──────── STORED DATA ────────

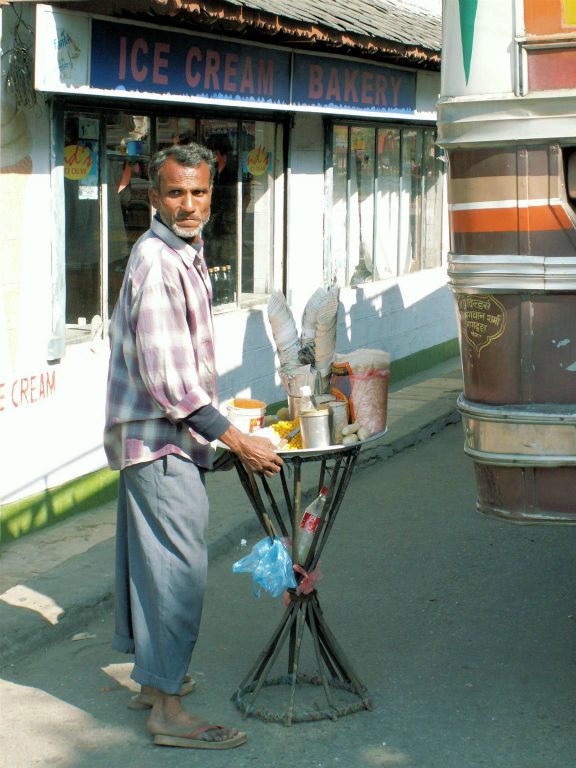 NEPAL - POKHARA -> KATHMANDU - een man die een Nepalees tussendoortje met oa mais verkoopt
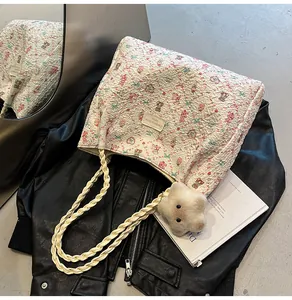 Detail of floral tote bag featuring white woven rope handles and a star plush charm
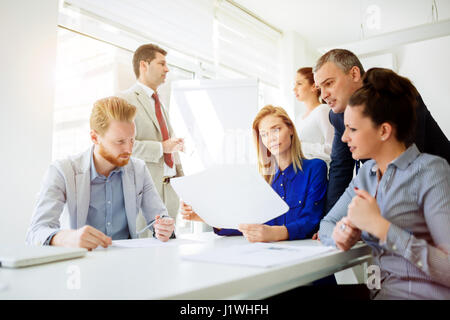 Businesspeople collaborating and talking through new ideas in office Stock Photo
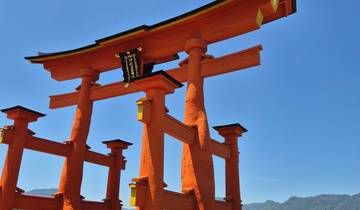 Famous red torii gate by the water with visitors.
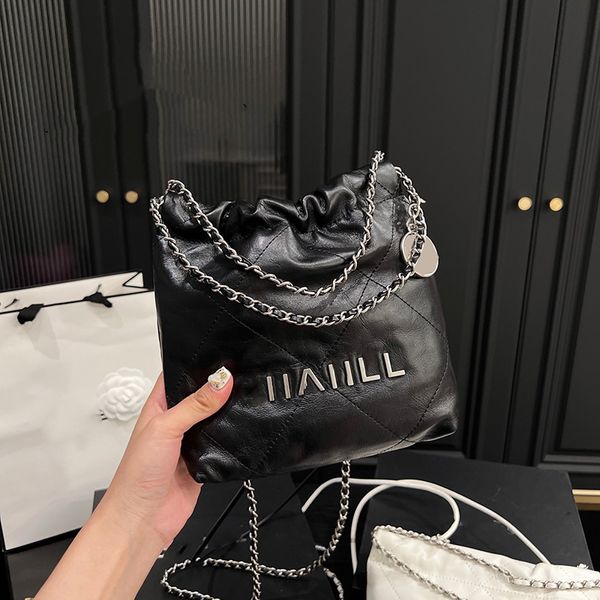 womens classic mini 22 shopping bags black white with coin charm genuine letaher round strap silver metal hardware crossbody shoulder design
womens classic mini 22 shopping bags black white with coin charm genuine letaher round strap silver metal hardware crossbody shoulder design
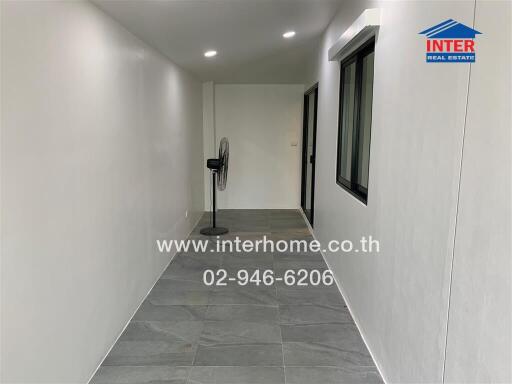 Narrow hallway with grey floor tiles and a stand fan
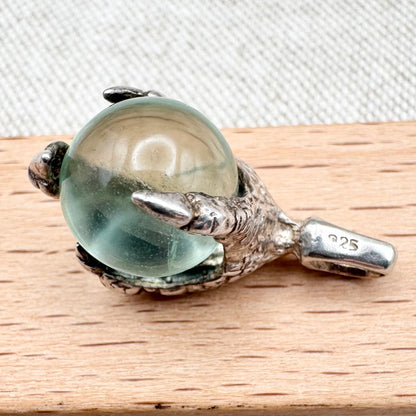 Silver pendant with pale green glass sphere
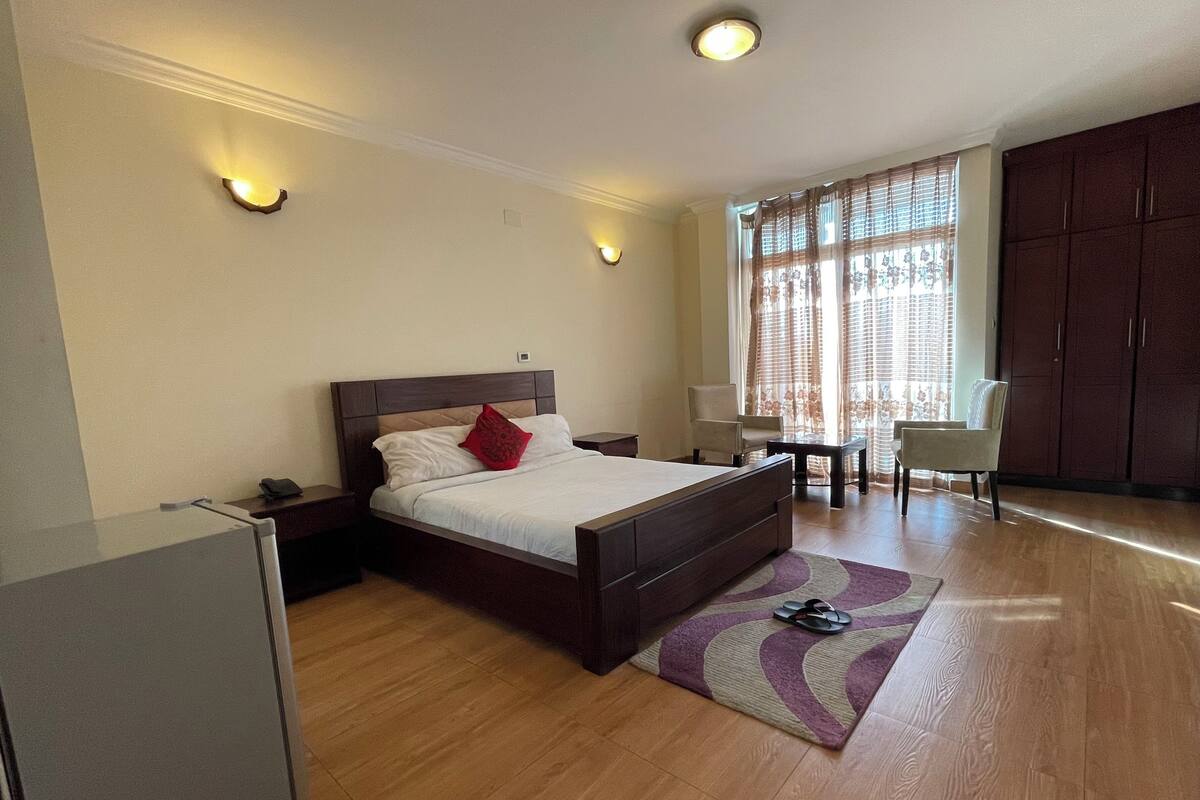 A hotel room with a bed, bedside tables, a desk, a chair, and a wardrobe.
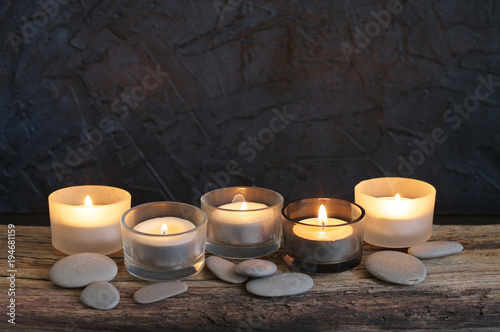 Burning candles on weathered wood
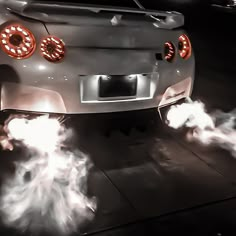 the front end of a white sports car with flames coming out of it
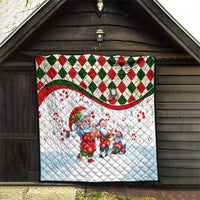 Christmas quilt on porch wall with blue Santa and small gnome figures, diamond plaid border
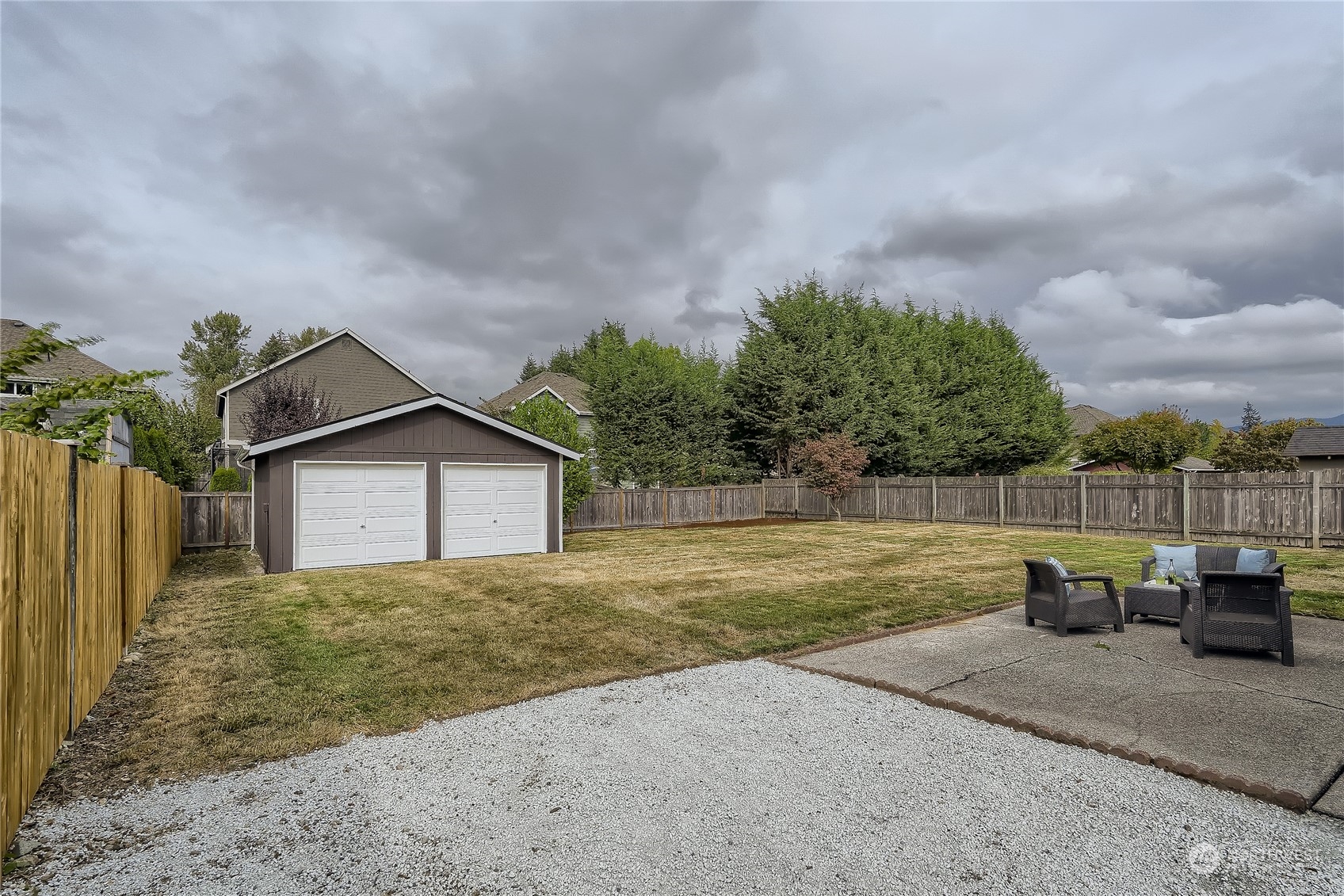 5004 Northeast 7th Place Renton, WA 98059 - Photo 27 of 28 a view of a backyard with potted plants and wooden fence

────────

- **YOUR OBJECTIVE**: Every line from the start of the listing above through the line with "Famous red torii" should be repeated exactly; skip the pictures and add nothing else.

- **RESPONSE TO THIS TASK**:
 NEPAL - POKHARA -> KATHMANDU - een man die een Nepalees tussendoortje met oa mais verkoopt
 Detail of floral tote bag featuring white woven rope handles and a star plush charm
 Businesspeople collaborating and talking through new ideas in office Stock Photo
 Famous red torii gate by the water with visitors.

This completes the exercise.